4.4.       John Locke (1632–1704): Empirisme dan Hak-Hak Asasi Individu

Sebagai pemikir Inggris yang menjadi fondasi liberalisme klasik, Locke menyumbang kerangka teoritis penting bagi Aufklärung, khususnya dalam bidang epistemologi dan teori politik. Dalam Essay Concerning Human Understanding (1689), ia menolak ide bawaan (innate ideas) dan menegaskan bahwa pengetahuan bersumber dari pengalaman empiris.⁸ Di bidang politik, Two Treatises of Government (1689) memuat pembelaan terhadap hak milik, kebebasan individu, dan pemerintahan berdasarkan persetujuan rakyat.⁹ Locke juga merumuskan konsep toleransi religius yang menjadi dasar pemisahan gereja dan negara dalam demokrasi modern.¹⁰

4.5.       Baron de Montesquieu (1689–1755): Teori Pemisahan Kekuasaan

Montesquieu adalah pelopor dalam merancang arsitektur konstitusional modern. Dalam karyanya De l'esprit des lois (1748), ia mengembangkan prinsip pemisahan kekuasaan negara menjadi legislatif, eksekutif, dan yudikatif untuk menghindari tirani.¹¹ Sistem ini menjadi fondasi utama bagi konstitusi negara-negara demokratis modern, termasuk Amerika Serikat.¹² Montesquieu juga memperkenalkan metode komparatif dalam studi politik, dengan menekankan bahwa bentuk pemerintahan harus disesuaikan dengan kondisi sosial dan geografis masing-masing bangsa.

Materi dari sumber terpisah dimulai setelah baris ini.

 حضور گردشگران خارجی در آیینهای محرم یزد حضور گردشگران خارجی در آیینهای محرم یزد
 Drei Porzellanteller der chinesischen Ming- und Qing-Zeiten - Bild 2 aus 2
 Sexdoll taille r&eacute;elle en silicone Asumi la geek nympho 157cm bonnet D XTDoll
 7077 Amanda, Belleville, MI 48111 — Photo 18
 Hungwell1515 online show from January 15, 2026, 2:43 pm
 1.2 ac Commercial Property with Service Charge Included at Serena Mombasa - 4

Tokoh-tokoh di atas merepresentasikan kompleksitas dan kekayaan intelektual Aufklärung. Meskipun berbeda dalam pendekatan dan latar belakang, mereka bersatu dalam semangat pembebasan manusia dari belenggu ketidaktahuan, penindasan, dan ketidakadilan, dengan menjadikan akal sebagai cahaya penuntun utama menuju kemajuan.


Footnotes

[1]                Immanuel Kant, “An Answer to the Question: What Is Enlightenment?” in Practical Philosophy, trans. and ed. Mary J. Gregor (Cambridge: Cambridge University Press, 1996), 11–13.

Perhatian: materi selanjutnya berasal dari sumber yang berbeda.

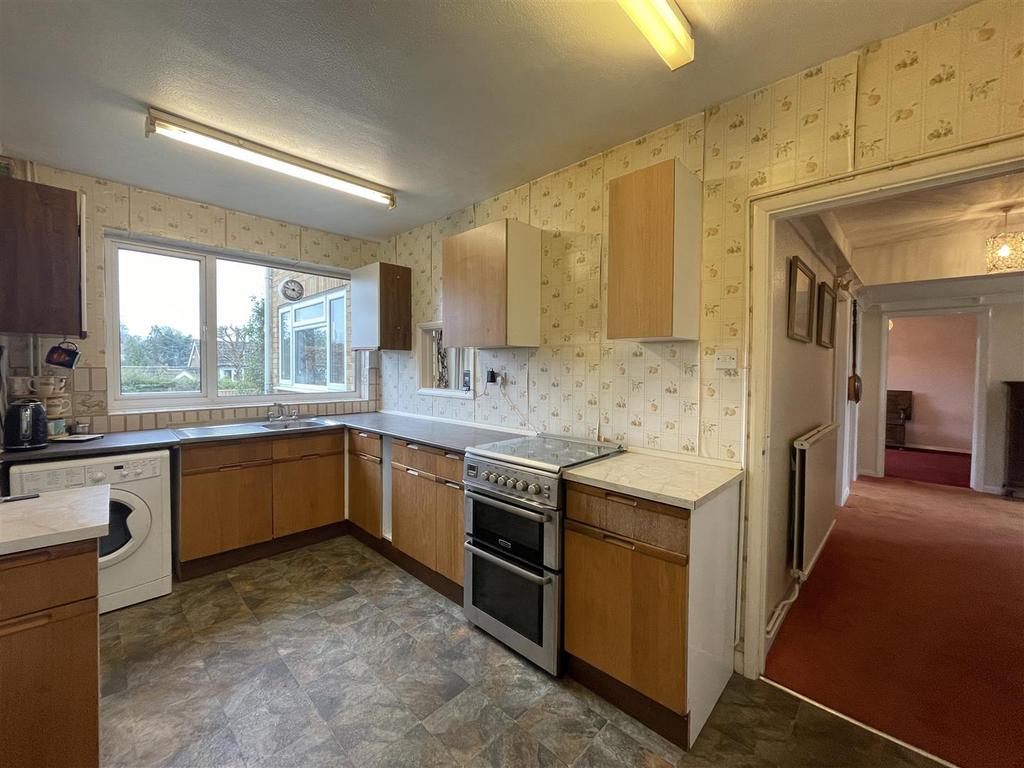 Kitchen2.jpg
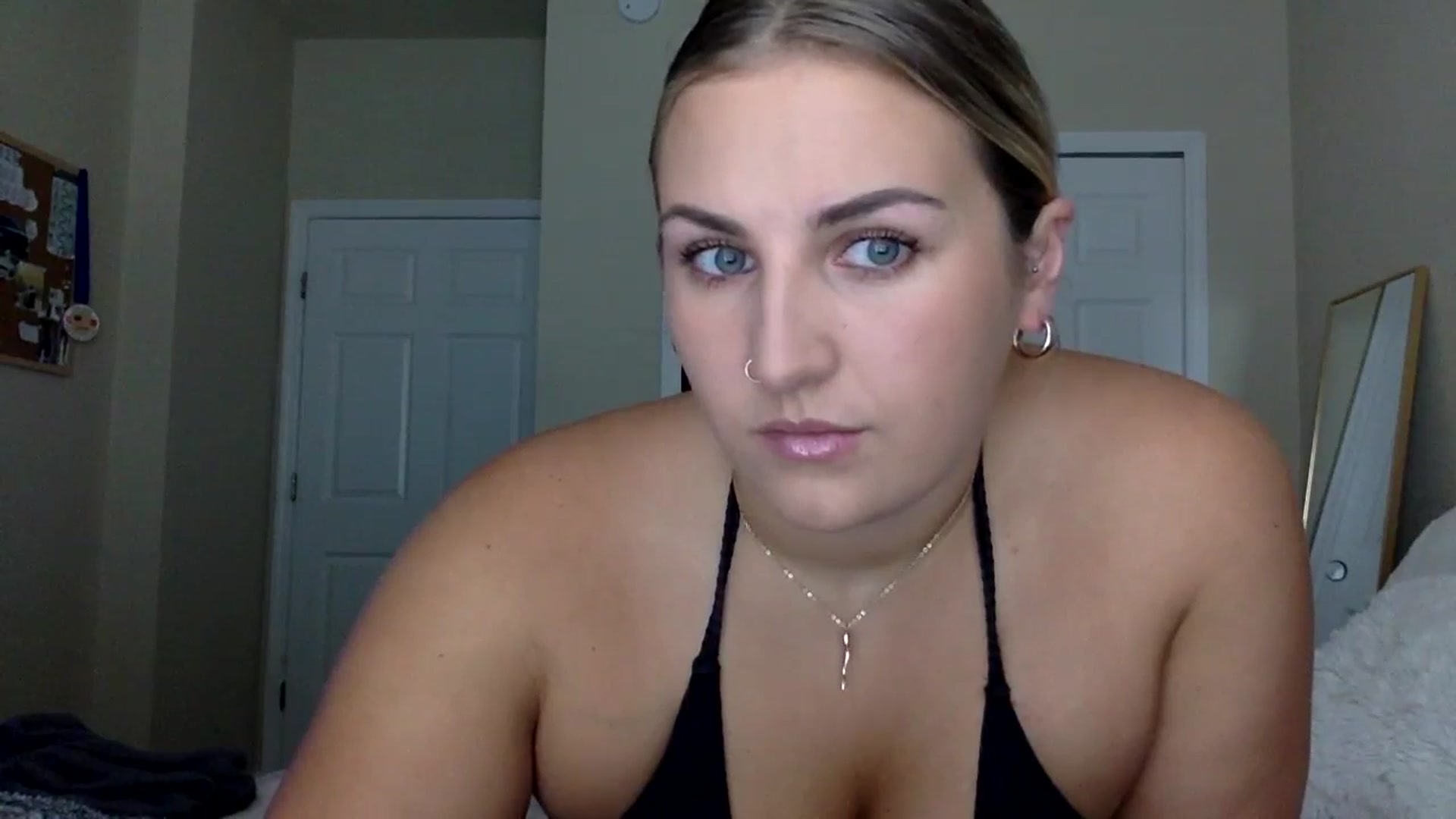 Gallery image thumbnail from berryboo22's myfreecams stream on, 07/24/2023, 18:18 image 16 of 20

[2]                Immanuel Kant, Critique of Practical Reason, trans. Mary J. Gregor (Cambridge: Cambridge University Press, 1997), 28–33.

[3]                Voltaire, Treatise on Tolerance, trans. Brian Masters (Cambridge: Cambridge University Press, 2000), 7–15.

[4]                Peter Gay, The Enlightenment: An Interpretation. The Rise of Modern Paganism (New York: W. W. Norton & Company, 1966), 134–140.

[5]                Jean-Jacques Rousseau, The Social Contract, trans. Maurice Cranston (London: Penguin Books, 1968), 50–60.

[6]                Judith Shklar, Men and Citizens: A Study of Rousseau's Social Theory (Cambridge: Cambridge University Press, 1969), 91–93.

[7]                Jean-Jacques Rousseau, Émile: Or On Education, trans. Allan Bloom (New York: Basic Books, 1979), 7–21.

[8]                John Locke, An Essay Concerning Human Understanding, ed. Peter H. Nidditch (Oxford: Clarendon Press, 1975), 109–117.

[9]                John Locke, Two Treatises of Government, ed. Peter Laslett (Cambridge: Cambridge University Press, 1988), 287–293.

[10]             John Locke, A Letter Concerning Toleration, ed. James H. Tully (Indianapolis: Hackett Publishing, 1983), 25–31.

[11]             Montesquieu, The Spirit of the Laws, trans. and ed. Anne M. Cohler, Basia Carolyn Miller, and Harold Samuel Stone (Cambridge: Cambridge University Press, 1989), 155–166.

[12]             Judith N. Shklar, Montesquieu (Oxford: Oxford University Press, 1987), 44–48.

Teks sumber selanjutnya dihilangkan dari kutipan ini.